Necesarios pero no queridos

NUEVA YORK – Baruch Spinoza, el filósofo holandés del siglo XVII, Benjamin Disraeli, el primer ministro británico del siglo XIX, y Nicolas Sarkozy, el presidente francés del siglo XXI, tienen algo en común: todos fueron hijos de inmigrantes. La gente migró a otros países durante miles de años –para escapar, prosperar, ser libres o, simplemente, para volver a empezar-. Muchos de ellos enriquecieron sus tierras adoptivas logrando grandes cosas o procreando hijos que así lo hicieron.

Las nuevas olas de inmigrantes rara vez son populares, si es que alguna vez lo son.
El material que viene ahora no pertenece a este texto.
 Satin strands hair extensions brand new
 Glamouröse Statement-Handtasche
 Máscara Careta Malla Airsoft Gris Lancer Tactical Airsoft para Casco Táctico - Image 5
Pero muchas veces son necesarias. Muchas personas migraron a los países de Europa occidental desde el norte de África y Turquía durante el último medio siglo, no por la generosidad occidental, sino porque se las requería para esos empleos que los nativos ya no querían hacer. Sin embargo, se las trató como trabajadores temporarios, no como inmigrantes.

Una vez que el trabajo estuviera hecho, se suponía que los migrantes volverían a casa. Cuando quedó claro que la mayoría había elegido quedarse, y que a ellos se sumaban sus familias, a muchos se les permitió, a regañadientes, convertirse en ciudadanos de estados europeos, sin necesariamente ser tratados como tales.